One-Shot Badminton Shuttle Detection for Mobile Robots
It addresses the lack of egocentric shuttlecock detection for mobile robots, enabling downstream tasks like tracking and trajectory estimation, but is incremental as it adapts existing methods to a new application.
This paper tackles the problem of detecting badminton shuttlecocks from the dynamic viewpoints of mobile robots by introducing a dataset of 20,510 annotated frames and fine-tuning a YOLOv8 network, achieving an F1-score of 0.86 in similar environments and 0.70 in unseen ones.

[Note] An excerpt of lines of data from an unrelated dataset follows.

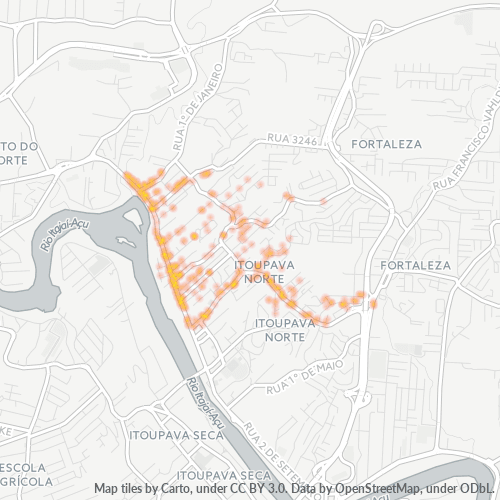 89053-000 Mapa de calor de densidad empresarial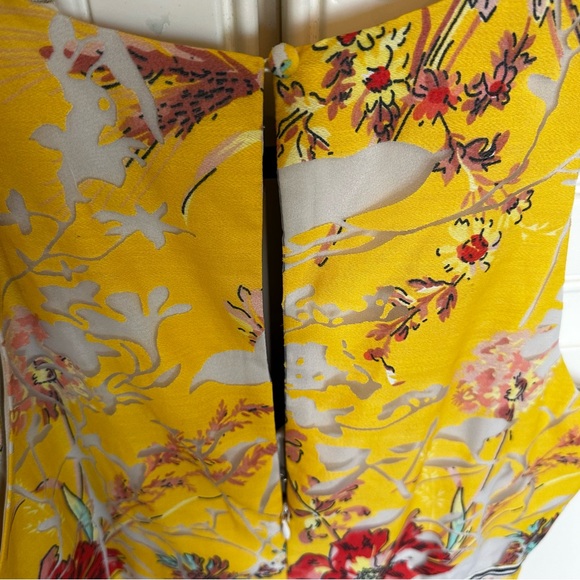 Anthropologie Vineet Bahl Varennes Women’s Yellow Floral Formal Maxi Dress 10 - Picture 9 of 12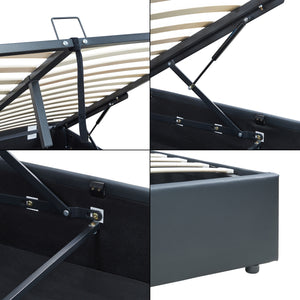 Tweepersoonsbed Nola bedframe met lattenbodem en opbergruimte [en.casa]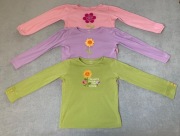 GYMBOREE 3-pack bluzek dla dziewczynki 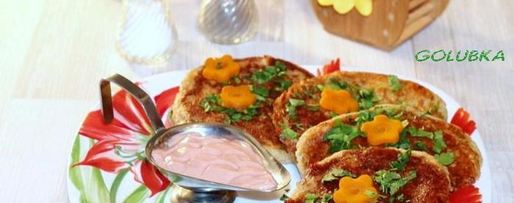 Шаг 8: картофельных блинчиков с крабовым припеком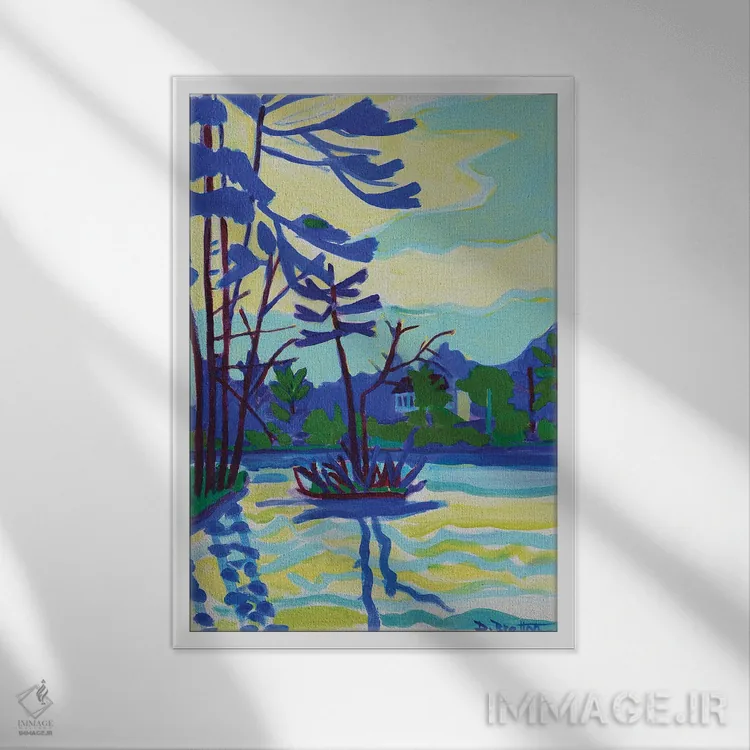 تابلو دکوراتیو جزیره مساپوآگ اثر دبرا برتون رابینسون - نمای قابدار سفید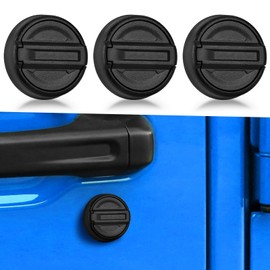 CALBEAU Keyhole Covers for 2007-2018 Jeep Wrangler JK Door, Strong Magnetic Keyhole Protection Accessories, Door Handle Decor for Jeep | CALBEAU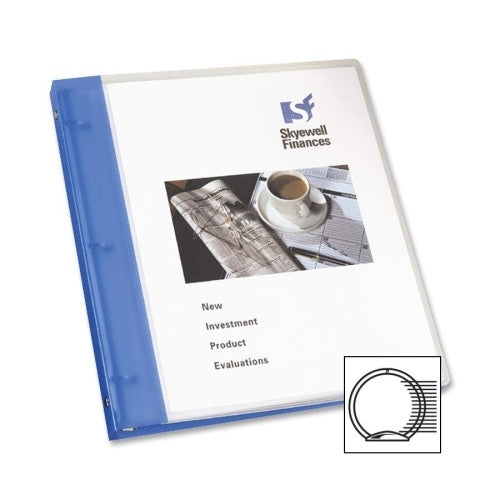 Avery Consumer Products Flexible Presentation Binder, View Pocket, 1/2" Cap, Blue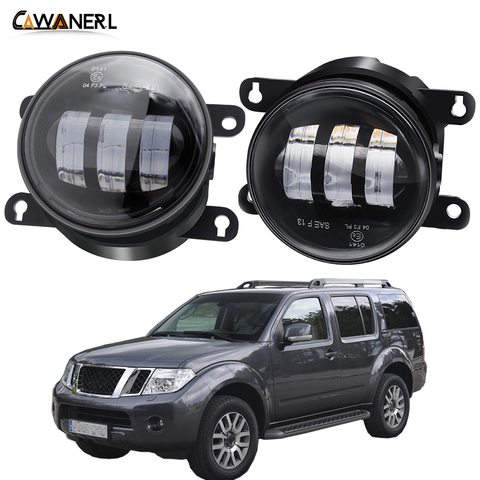 LED Fog Light Assembly For Nissan Pathfinder R51 2005-2012 Car Front Bumper Fog Lamp Daytime Running Light 30W 6000LM 12V ► Photo 1/6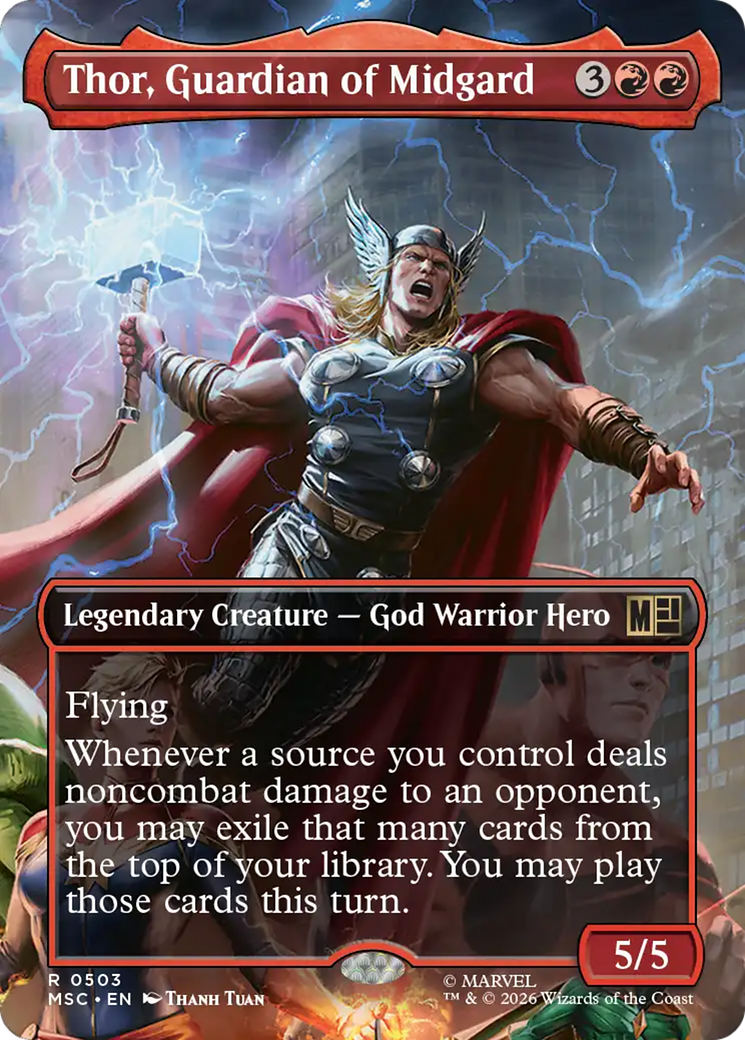 Thor, Guardian of Midgard (Borderless) [Marvel Super Heroes Commander] | Jack's On Queen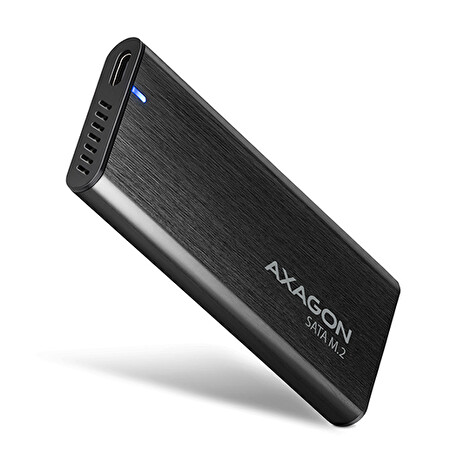 AXAGON EEM2-SBC, USB-C 3.2 Gen 2 - M.2 SATA SSD kovový RAW box, bezšroubkový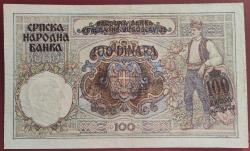 Sırbistan 100 Dinar (1941) ÇÇT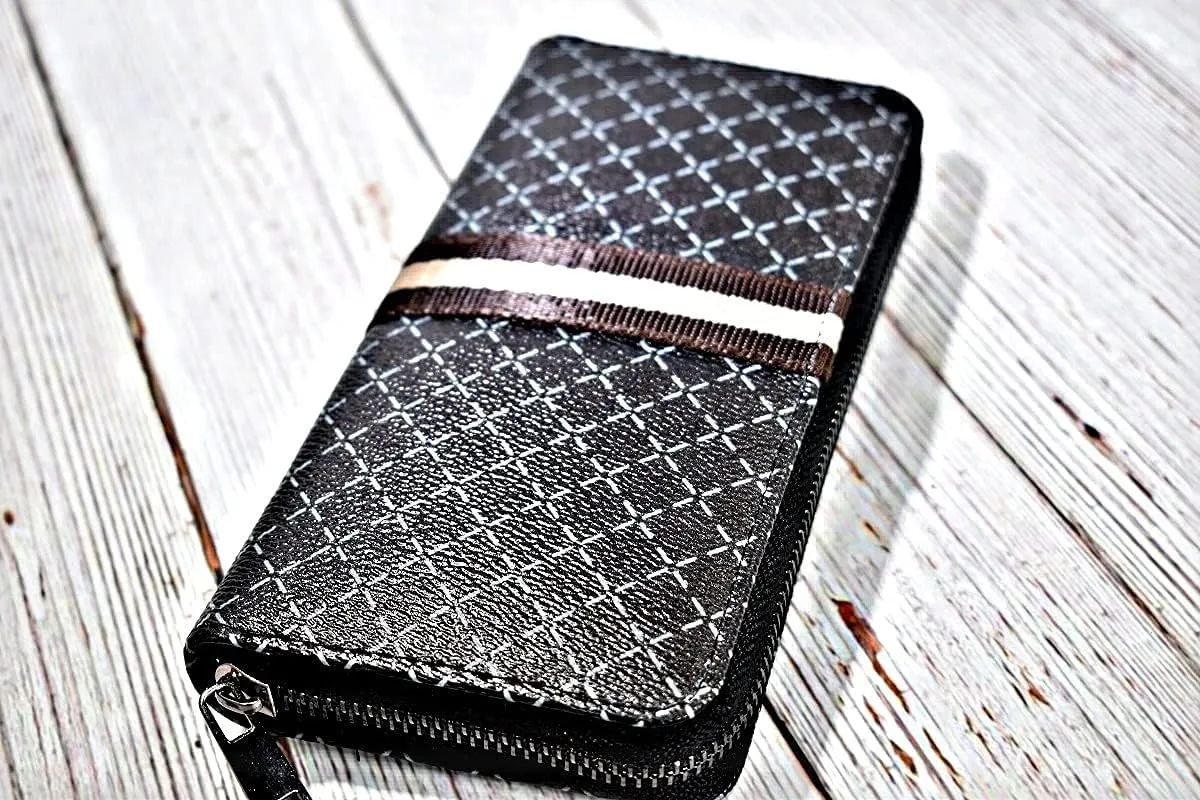 Women's Designer Wallet RFID Blocking DA Leather Wallets Large Phone Holder Wristlet wallets for women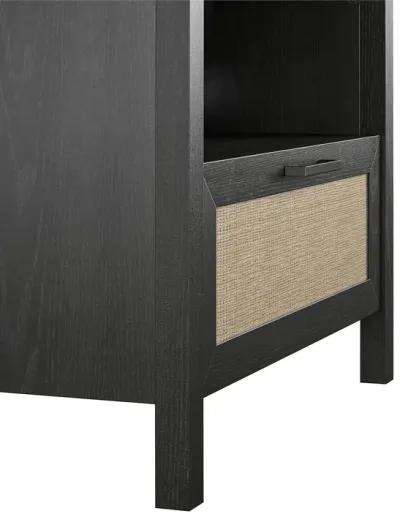 Amberly Rattan 1 Drawer Nightstand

This paper presents a robust one-shot badminton shuttlecock detection framework for non-stationary robots. To address the lack of egocentric shuttlecock detection datasets, we introduce a dataset of 20,510 semi-automatically annotated frames captured across 11 distinct backgrounds in diverse indoor and outdoor environments, and categorize each frame into one of three difficulty levels. For labeling, we present a novel semi-automatic annotation pipeline, that enables efficient labeling from stationary camera footage. We propose a metric suited to our downstream use case and fine-tune a YOLOv8 network optimized for real-time shuttlecock detection, achieving an F1-score of 0.86 under our metric in test environments similar to training, and 0.70 in entirely unseen environments. Our analysis reveals that detection performance is critically dependent on shuttlecock size and background texture complexity. Qualitative experiments confirm their applicability to robots with moving cameras. Unlike prior work with stationary camera setups, our detector is specifically designed for the egocentric, dynamic viewpoints of mobile robots, providing a foundational building block for downstream tasks, including tracking, trajectory estimation, and system (re)-initialization.